Activity: An unchanged copy of all the lines below is expected, and it should contain no pictures.

Given material:
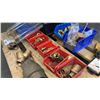 Image 3 : PALLET OF ASSORTED BRASS FITTINGS, SHUT OFFS & CRIMPER TOOLS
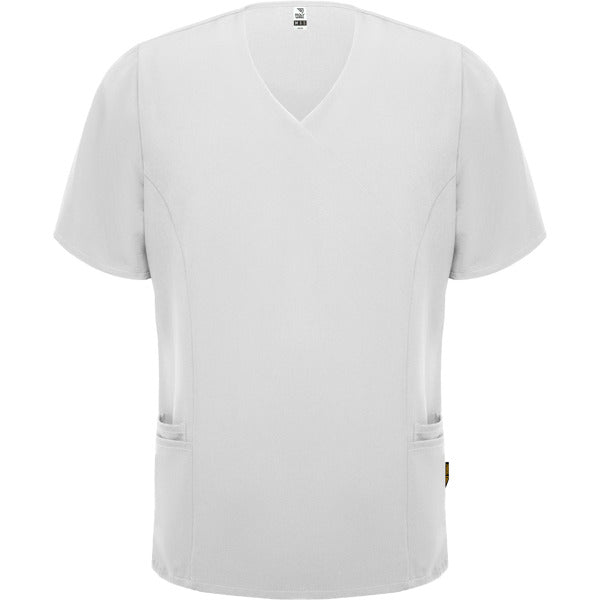 Roly WRK Ferox men's T-shirt in white, ready for logo printing or embroidery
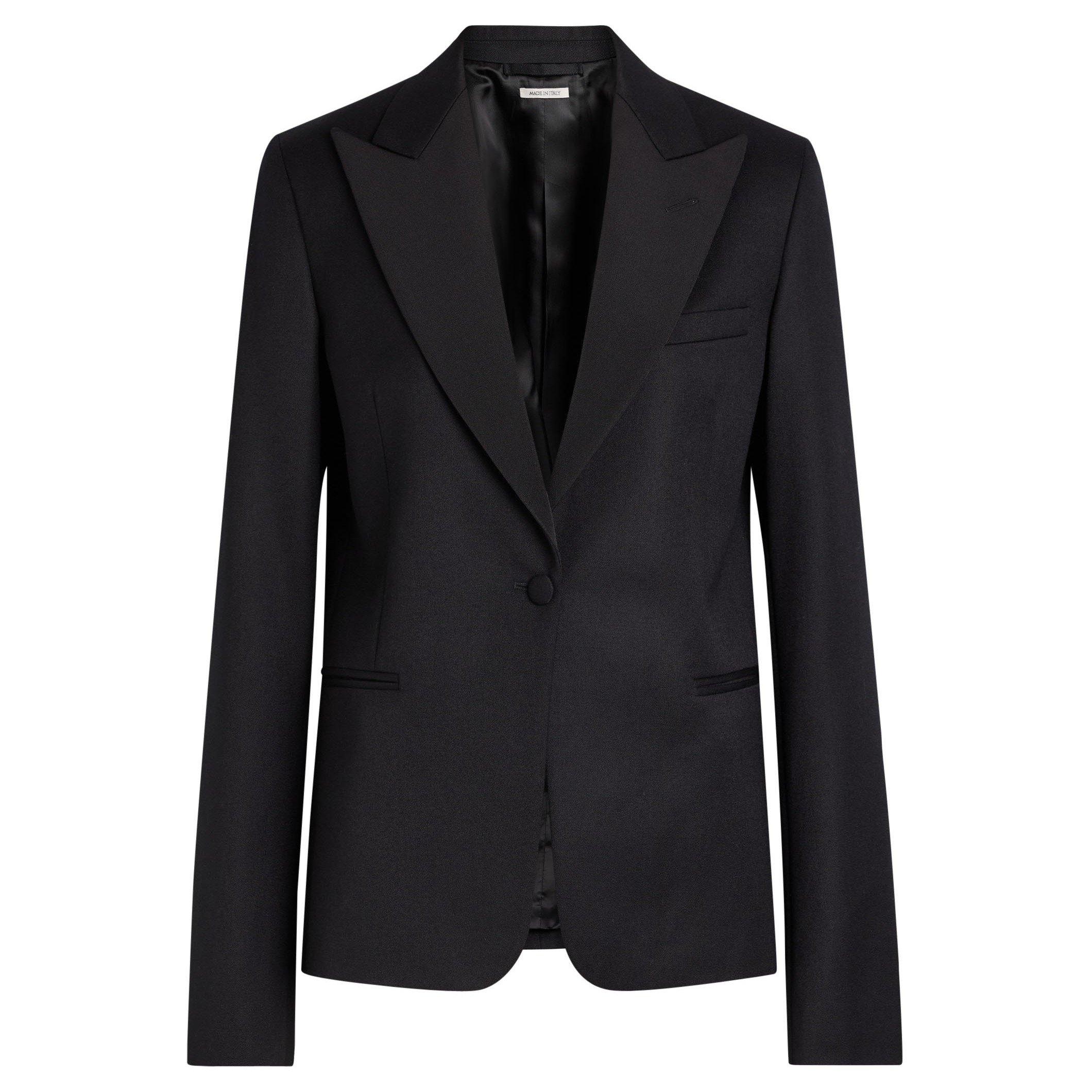 BLACK - JW Anderson - Women's Wool Tuxedo Blazer - 1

Result:
 Image 3 : PALLET OF ASSORTED BRASS FITTINGS, SHUT OFFS & CRIMPER TOOLS
 Roly WRK Ferox men's T-shirt in white, ready for logo printing or embroidery
 BLACK - JW Anderson - Women's Wool Tuxedo Blazer - 1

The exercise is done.